B. What would happen if the data were not normalized?
If the data weren’t normalized, the data with larger values/scale will skew the distance calculated and therefore the clusters.
C. Compare the cluster centroid to characterize the different clusters, and try to give each cluster a label.
d <- dist(normalized_data, method = "euclidean")
fit <- hclust(d, method="complete")
options(scipen=99999999)
groups <- cutree(fit, k=3)
clust.centroid = function(i, dat, groups) {
ind = (groups == i)
colMeans(dat[ind,])
}
sapply(unique(groups), clust.centroid, mydata, groups)
## [,1] [,2] [,3]
## Balance 73299.6959799 138061.4000000 131999.50
## Qual_miles 144.1567839 78.8000000 347.00
## cc1_miles 2.0537688 3.4666667 2.50
## cc2_miles 1.0145729 1.0000000 1.00
## cc3_miles 1.0007538 4.0666667 1.00
## Bonus_miles 16806.7298995 93927.8666667 65634.25
## Bonus_trans 11.4819095 28.0666667 69.25
## Flight_miles_12mo 440.2821608 506.6666667 19960.00
## Flight_trans_12 1.3246231 1.6000000 49.25
## Days_since_enroll 4118.6206030 4613.8666667 2200.25
## Award. 0.3690955 0.5333333 1.00
1. Cluster 1 – Lowest number of bonus_miles and lowest number of non-flight bonus transactions 2. Cluster 2 – Largest number of non-flight bonus transactions (bonus_miles) and highest number of miles eligible for award travel (balance) 3. Cluster 3 – Frequent fliers but have enrolled more recently than the first two clusters (highest Flight_trans_12, lowest days_since_enroll)
D. To check the stability of clusters, remove a random 5% of the data x (by taking a random sample of 95% of the records), and repeat the analysis. Does the same picture emerge?

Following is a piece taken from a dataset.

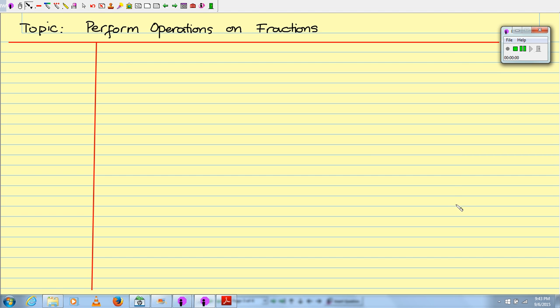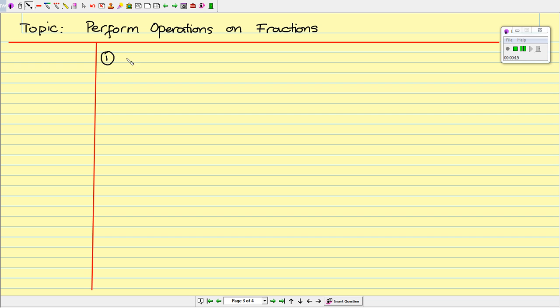Hello, my math independent students. The topic for this video is to perform operations on fractions. So let's begin with the first operation. We are going to reduce a fraction. So this is the reduction property.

Outline the three clusters in blue
normalized_data_95 <- scale(mydata[sample(nrow(mydata), nrow(mydata)*.95), ])
d <- dist(normalized_data_95, method = "euclidean")
fit <- hclust(d, method="ward.D2")
plot(fit)
rect.hclust(fit, k=3, border="blue")
clust.centroid = function(i, dat, groups) {
ind = (groups == i)
colMeans(dat[ind,])
}
sapply(unique(groups), clust.centroid, mydata, groups)
## [,1] [,2] [,3]
## Balance 73299.6959799 138061.4000000 131999.50
## Qual_miles 144.1567839 78.8000000 347.00
## cc1_miles 2.0537688 3.4666667 2.50
## cc2_miles 1.0145729 1.0000000 1.00
## cc3_miles 1.0007538 4.0666667 1.00
## Bonus_miles 16806.7298995 93927.8666667 65634.25
## Bonus_trans 11.4819095 28.0666667 69.25
## Flight_miles_12mo 440.2821608 506.6666667 19960.00
## Flight_trans_12 1.3246231 1.6000000 49.25
## Days_since_enroll 4118.6206030 4613.8666667 2200.25
## Award. 0.3690955 0.5333333 1.00
Using a random sample of 95% of the records changes the clusters as can be seen above.
E. Use k-means clustering with the number of clusters that you found above. Does the same picture emerge?
fit <- kmeans(mydata, centers=3, iter.max=10)
t(fit$centers)
## 1 2 3
## Balance 563233.2222222 36759.9743425 167615.27250
## Qual_miles 451.9259259 104.6905067 266.60375
## cc1_miles 3.2222222 1.7854394 3.01000
## cc2_miles 1.0370370 1.0153945 1.00875
## cc3_miles 1.0370370 1.0076972 1.02750
## Bonus_miles 53100.8518519 11901.0041693 33942.17500
## Bonus_trans 20.4444444 9.9268762 17.23500
## Flight_miles_12mo 1758.1234568 309.5686337 915.15000
## Flight_trans_12 5.7037037 0.9278384 2.67250
## Days_since_enroll 6203.7530864 3854.8710712 4935.15875
## Award. 0.7901235 0.3316228 0.47875
The same picture does not emerge using k-means clustering. The k-means clusters can be seen above.
F. Which clusters would you target for offers, and what types of offers would you target to customers in that cluster?
I would target the k-means cluster #1 because they have the largest balance and have been enrolled in the program the longest so they are more likely the frequent fliers.